This block is enforced by FLUID-aware AI gateways. An LLM request that doesn't match allowedModels ∧ allowedUseCases ∧ token quotas is rejected before it ever sees the data.

💡 Custom business use-case names don't validate. The schema enforces a fixed twelve-value vocabulary. Use purposeLimitation (free text) when you need to express something more specific like "Customer support chatbot only."


8. Pin to a jurisdiction with sovereignty

Goal: enforce data residency — apply-time blocks any binding that would land data outside the allowed region. New in this step: root-level sovereignty.

# 08-with-sovereignty.fluid.yml
# ... (everything from example 7, plus:)
sovereignty:
  jurisdiction: EU
  allowedRegions: [europe-west1, europe-west3, europe-west4]
  deniedRegions:  [us-central1, us-east1, asia-southeast1]
  dataResidency:  true
  crossBorderTransfer: false
  regulatoryFramework: [GDPR]
  enforcementMode: strict                         # strict (block apply) | advisory (warn) | audit (log only)
  validationRequired: true                        # CI fails if binding location violates

With enforcementMode: strict and validationRequired: true, contract-apply diff-checks every binding.location against allowedRegions and refuses to deploy mismatches. No more "we accidentally provisioned a PII table in us-east1."

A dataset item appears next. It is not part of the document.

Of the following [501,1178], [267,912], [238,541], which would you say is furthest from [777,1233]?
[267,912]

9. Define business semantics

Goal: give an LLM or BI tool the business meaning of the columns — so "What's our MRR?" returns the correct SQL, not an invented one. New in this step: exposes[].semantics.

# 09-with-semantics.fluid.yml
fluidVersion: "0.7.4"
kind: DataProduct
id:   analytics.gold.orders_revenue
name: "Orders Revenue Semantic Model"
metadata:
  owner: { team: finance-data, email: finance-data@company.com }
  layer: Gold

exposes:
  - exposeId: orders
    kind: table
    contract:
      schema:
        - { name: order_id,     type: STRING,    required: true }
        - { name: customer_id,  type: STRING,    required: true }
        - { name: amount,       type: NUMERIC,   required: true }
        - { name: status,       type: STRING,    required: true }
        - { name: discount,     type: NUMERIC }
        - { name: completed_at, type: TIMESTAMP, required: true }

    semantics:
      name: orders_revenue_model
      description: "Canonical semantic model for revenue analytics."
      defaultAggTimeDimension: order_date

      entities:
        - { name: order,    type: primary, expr: order_id }
        - { name: customer, type: foreign, expr: customer_id }

      measures:
        - { name: order_amount,  agg: sum,            expr: amount,   description: "Sum of order amounts" }
        - { name: order_count,   agg: count_distinct, expr: order_id, createMetric: true }
        - { name: total_discount, agg: sum,           expr: discount }

      dimensions:
        - { name: order_date, type: time,        expr: completed_at, typeParams: { timeGranularity: day } }
        - { name: region,     type: categorical }

      metrics:
        - name: gross_revenue
          description: "Total value of completed orders."
          type: simple
          measure: order_amount
          filter: "status = 'completed'"
        - name: net_revenue
          description: "GAAP-compliant net revenue — completed orders minus discounts."
          type: derived
          inputMetrics: [gross_revenue, total_discount]
          expr: "gross_revenue - total_discount"
          owner: "finance-data@company.com"

    binding:
      platform: snowflake
      format:   snowflake_table
      location: { database: ANALYTICS, schema: GOLD, table: ORDERS }

Now an agent asked "what is net revenue last quarter?" reads the net_revenue metric definition and produces the canonically-correct SQL instead of guessing.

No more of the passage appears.